** Opening INPUT MATERIAL block **
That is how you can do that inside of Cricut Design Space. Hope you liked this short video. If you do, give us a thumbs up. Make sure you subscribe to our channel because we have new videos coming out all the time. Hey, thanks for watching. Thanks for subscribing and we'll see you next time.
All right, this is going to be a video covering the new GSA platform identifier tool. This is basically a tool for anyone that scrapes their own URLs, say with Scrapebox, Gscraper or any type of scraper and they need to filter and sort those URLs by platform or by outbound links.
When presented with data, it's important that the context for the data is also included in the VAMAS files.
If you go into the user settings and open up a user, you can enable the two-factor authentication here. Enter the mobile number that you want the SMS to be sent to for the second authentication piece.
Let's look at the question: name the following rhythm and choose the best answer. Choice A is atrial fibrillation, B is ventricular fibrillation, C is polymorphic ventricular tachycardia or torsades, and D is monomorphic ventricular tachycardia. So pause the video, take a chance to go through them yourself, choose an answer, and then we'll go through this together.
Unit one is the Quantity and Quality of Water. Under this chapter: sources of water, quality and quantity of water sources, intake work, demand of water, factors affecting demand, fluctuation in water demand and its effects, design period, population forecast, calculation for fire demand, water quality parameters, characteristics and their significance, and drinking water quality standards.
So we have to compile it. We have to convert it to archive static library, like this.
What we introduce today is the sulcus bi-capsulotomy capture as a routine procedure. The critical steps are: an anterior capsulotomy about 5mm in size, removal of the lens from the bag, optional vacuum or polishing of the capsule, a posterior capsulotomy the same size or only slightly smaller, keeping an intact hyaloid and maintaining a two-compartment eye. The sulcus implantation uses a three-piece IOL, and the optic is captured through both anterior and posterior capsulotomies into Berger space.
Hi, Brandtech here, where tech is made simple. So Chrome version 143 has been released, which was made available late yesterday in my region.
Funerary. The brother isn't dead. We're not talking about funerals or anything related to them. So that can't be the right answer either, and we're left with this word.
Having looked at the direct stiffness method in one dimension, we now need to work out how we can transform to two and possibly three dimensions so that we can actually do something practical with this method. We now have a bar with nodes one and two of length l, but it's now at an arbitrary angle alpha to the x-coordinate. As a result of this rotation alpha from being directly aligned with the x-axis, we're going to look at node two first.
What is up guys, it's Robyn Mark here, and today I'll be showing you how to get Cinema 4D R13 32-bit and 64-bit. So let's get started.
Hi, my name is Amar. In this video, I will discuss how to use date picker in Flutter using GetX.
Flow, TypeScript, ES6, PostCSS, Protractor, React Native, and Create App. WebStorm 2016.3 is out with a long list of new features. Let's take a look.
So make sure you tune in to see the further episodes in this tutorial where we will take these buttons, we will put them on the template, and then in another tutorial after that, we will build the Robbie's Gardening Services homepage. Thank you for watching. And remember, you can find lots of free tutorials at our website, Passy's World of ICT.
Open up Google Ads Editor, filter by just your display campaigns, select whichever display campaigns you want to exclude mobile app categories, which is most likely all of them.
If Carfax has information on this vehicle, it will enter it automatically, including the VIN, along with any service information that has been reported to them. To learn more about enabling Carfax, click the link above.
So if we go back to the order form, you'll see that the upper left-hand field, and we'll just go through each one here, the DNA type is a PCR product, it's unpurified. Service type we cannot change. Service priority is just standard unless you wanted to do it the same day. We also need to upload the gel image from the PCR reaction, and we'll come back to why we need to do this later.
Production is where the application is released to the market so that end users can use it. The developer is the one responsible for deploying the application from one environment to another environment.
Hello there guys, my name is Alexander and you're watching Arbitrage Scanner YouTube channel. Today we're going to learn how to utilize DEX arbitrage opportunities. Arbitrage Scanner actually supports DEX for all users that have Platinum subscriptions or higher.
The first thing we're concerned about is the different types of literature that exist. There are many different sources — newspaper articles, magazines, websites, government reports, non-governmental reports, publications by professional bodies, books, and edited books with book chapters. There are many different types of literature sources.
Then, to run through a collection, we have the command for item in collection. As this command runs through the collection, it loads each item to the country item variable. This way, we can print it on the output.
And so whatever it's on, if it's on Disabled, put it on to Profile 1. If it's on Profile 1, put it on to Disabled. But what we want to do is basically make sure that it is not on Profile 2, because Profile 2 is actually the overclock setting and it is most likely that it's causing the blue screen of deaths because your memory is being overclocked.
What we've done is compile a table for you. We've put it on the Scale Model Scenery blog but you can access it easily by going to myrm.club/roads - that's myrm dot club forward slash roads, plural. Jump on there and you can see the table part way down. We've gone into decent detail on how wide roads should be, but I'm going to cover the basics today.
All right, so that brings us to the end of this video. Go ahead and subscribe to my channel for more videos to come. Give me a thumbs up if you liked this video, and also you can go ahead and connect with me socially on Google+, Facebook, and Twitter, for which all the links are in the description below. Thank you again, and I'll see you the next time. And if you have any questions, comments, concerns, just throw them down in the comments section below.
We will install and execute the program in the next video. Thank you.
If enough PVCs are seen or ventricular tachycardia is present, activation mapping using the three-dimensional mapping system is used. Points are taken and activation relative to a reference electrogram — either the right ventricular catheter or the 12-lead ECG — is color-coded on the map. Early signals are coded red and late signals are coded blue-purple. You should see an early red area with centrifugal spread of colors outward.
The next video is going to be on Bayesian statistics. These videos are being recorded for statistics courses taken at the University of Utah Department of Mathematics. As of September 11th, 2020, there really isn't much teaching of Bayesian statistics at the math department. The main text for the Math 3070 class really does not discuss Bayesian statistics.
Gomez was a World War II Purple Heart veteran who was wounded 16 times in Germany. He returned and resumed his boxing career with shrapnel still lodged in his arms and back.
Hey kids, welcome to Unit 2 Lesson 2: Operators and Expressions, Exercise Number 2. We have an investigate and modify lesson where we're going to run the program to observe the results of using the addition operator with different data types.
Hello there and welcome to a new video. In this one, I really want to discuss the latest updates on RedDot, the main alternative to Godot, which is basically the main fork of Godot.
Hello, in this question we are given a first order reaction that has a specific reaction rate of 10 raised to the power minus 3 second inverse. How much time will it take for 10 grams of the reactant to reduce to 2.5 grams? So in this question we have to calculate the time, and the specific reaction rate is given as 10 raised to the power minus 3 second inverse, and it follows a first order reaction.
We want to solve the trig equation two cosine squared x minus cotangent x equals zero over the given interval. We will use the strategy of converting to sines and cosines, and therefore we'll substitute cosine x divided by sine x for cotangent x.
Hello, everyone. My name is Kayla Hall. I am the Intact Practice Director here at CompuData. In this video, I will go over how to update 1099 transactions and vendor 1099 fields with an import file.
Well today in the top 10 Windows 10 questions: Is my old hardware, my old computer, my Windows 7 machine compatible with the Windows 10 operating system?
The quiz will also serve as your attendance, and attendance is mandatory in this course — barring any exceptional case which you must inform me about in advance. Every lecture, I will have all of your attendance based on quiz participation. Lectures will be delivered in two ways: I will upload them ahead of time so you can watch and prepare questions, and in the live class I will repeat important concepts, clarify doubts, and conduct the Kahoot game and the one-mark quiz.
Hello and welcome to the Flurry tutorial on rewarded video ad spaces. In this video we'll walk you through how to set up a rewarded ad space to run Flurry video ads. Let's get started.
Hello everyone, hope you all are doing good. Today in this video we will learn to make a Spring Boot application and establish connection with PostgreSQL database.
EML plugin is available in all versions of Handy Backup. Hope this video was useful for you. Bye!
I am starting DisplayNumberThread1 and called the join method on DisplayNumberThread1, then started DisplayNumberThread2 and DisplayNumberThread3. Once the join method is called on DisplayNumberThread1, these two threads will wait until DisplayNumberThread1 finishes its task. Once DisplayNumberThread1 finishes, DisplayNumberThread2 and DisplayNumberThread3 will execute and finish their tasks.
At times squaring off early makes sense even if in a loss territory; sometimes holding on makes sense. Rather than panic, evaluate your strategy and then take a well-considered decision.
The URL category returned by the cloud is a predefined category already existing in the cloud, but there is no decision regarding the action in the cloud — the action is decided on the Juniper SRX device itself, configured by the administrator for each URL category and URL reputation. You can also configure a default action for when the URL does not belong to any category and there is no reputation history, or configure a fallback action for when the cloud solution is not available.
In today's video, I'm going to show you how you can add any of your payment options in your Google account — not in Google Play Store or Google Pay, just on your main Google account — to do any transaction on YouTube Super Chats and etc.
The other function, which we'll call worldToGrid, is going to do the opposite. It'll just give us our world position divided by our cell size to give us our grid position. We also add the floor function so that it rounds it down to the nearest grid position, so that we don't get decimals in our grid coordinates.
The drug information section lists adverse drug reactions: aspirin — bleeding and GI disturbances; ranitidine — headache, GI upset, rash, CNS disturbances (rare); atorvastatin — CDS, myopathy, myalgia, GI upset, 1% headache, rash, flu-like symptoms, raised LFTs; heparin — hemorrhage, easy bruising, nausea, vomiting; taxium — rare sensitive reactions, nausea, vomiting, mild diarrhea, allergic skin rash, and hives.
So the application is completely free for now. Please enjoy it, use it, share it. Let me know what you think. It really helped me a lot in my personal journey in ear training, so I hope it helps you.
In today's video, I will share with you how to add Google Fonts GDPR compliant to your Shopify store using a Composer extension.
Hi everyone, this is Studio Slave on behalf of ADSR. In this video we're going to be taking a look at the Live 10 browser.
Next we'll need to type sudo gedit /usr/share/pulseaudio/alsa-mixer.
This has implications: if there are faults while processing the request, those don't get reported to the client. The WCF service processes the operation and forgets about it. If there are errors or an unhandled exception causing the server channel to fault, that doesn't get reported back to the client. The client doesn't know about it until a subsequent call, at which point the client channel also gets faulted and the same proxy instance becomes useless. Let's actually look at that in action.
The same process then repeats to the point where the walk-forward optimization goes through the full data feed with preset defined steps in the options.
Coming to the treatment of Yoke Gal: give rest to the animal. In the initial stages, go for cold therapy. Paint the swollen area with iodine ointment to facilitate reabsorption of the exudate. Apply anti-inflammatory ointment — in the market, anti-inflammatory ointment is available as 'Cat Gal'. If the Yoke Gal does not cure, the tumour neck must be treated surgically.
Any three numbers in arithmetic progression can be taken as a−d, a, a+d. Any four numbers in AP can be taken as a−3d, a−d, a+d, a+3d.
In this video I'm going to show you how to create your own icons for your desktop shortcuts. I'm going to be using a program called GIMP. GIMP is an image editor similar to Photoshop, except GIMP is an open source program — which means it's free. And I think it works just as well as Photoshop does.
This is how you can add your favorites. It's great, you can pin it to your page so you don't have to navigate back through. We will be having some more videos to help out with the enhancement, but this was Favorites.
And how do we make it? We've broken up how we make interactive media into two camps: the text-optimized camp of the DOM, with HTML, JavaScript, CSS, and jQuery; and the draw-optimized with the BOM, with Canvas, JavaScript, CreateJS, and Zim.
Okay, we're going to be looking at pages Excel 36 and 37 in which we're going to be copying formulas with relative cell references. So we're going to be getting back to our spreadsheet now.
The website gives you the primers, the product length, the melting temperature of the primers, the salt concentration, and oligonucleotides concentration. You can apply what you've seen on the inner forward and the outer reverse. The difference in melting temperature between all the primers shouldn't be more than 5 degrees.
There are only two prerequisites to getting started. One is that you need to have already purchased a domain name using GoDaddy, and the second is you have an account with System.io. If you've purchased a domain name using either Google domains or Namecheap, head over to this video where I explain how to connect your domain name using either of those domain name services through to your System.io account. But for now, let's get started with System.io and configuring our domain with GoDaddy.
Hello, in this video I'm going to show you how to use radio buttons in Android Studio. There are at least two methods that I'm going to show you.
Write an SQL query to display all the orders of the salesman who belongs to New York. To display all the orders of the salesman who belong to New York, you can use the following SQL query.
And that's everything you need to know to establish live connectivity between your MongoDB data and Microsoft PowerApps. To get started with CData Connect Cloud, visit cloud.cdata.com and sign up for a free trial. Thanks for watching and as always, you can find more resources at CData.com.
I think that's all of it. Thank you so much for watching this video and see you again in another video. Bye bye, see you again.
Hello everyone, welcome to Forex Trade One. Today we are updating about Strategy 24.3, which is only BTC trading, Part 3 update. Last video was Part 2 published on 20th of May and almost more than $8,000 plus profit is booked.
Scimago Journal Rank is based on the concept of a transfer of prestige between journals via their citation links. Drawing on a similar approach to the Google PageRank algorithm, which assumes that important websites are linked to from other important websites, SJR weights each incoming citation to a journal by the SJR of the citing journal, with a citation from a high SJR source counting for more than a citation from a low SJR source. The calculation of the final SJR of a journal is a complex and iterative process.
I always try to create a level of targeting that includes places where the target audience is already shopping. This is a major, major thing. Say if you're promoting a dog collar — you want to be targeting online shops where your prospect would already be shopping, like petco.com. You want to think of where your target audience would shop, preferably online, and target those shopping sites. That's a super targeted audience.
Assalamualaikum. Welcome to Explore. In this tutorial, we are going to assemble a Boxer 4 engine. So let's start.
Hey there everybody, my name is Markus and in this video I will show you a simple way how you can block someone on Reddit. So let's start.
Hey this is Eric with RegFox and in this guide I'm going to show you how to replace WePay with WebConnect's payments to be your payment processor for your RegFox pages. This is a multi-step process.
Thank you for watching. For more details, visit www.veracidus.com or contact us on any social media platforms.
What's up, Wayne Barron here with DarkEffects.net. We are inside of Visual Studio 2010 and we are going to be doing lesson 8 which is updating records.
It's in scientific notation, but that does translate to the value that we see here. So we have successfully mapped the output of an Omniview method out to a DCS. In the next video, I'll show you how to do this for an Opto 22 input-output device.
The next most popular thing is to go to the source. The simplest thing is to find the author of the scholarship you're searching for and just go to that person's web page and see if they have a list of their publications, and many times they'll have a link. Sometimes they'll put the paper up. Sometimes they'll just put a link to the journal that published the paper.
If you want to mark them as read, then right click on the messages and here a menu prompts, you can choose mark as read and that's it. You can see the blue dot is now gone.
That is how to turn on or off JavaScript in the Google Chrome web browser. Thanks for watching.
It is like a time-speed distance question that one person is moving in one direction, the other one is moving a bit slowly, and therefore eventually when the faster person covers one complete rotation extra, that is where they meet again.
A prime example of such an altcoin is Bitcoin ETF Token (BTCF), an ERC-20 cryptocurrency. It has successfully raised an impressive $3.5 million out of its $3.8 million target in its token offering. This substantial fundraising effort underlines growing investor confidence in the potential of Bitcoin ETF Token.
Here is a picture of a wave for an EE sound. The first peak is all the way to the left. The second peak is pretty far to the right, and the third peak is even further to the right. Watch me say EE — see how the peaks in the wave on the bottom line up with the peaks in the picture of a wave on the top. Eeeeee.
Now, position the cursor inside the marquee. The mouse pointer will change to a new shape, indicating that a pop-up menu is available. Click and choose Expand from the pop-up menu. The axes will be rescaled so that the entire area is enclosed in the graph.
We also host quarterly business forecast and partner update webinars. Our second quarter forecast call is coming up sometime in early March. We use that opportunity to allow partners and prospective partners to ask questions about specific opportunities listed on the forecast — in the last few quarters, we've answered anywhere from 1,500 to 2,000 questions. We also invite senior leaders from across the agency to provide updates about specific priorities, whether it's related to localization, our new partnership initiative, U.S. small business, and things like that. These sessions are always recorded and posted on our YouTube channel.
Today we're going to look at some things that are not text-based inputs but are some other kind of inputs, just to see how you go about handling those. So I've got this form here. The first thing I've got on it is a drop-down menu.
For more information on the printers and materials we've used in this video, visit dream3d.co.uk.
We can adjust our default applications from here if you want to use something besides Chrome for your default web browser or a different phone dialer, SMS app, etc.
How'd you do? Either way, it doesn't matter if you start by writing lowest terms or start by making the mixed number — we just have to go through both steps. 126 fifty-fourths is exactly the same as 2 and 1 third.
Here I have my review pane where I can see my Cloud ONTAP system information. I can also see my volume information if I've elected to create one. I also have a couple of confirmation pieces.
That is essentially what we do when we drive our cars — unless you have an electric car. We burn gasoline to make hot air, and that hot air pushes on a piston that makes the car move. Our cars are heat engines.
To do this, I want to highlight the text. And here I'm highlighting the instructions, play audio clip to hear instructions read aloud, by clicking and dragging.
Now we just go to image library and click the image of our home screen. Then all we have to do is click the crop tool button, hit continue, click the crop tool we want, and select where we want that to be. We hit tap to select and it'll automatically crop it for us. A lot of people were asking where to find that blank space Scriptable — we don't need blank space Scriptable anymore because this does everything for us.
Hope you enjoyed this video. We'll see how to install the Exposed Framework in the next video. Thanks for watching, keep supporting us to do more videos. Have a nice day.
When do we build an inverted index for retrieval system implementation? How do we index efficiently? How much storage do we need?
** Closing INPUT MATERIAL block **
= EXERCISE =
Some of the data mentions "Hello". Copy every line where it does.

= EXERCISE RESULT =
Hello there guys, my name is Alexander and you're watching Arbitrage Scanner YouTube channel. Today we're going to learn how to utilize DEX arbitrage opportunities. Arbitrage Scanner actually supports DEX for all users that have Platinum subscriptions or higher.
Hello there and welcome to a new video. In this one, I really want to discuss the latest updates on RedDot, the main alternative to Godot, which is basically the main fork of Godot.
Hello, in this question we are given a first order reaction that has a specific reaction rate of 10 raised to the power minus 3 second inverse. How much time will it take for 10 grams of the reactant to reduce to 2.5 grams? So in this question we have to calculate the time, and the specific reaction rate is given as 10 raised to the power minus 3 second inverse, and it follows a first order reaction.
Hello, everyone. My name is Kayla Hall. I am the Intact Practice Director here at CompuData. In this video, I will go over how to update 1099 transactions and vendor 1099 fields with an import file.
Hello and welcome to the Flurry tutorial on rewarded video ad spaces. In this video we'll walk you through how to set up a rewarded ad space to run Flurry video ads. Let's get started.
Hello everyone, hope you all are doing good. Today in this video we will learn to make a Spring Boot application and establish connection with PostgreSQL database.
Hello, in this video I'm going to show you how to use radio buttons in Android Studio. There are at least two methods that I'm going to show you.
Hello everyone, welcome to Forex Trade One. Today we are updating about Strategy 24.3, which is only BTC trading, Part 3 update. Last video was Part 2 published on 20th of May and almost more than $8,000 plus profit is booked.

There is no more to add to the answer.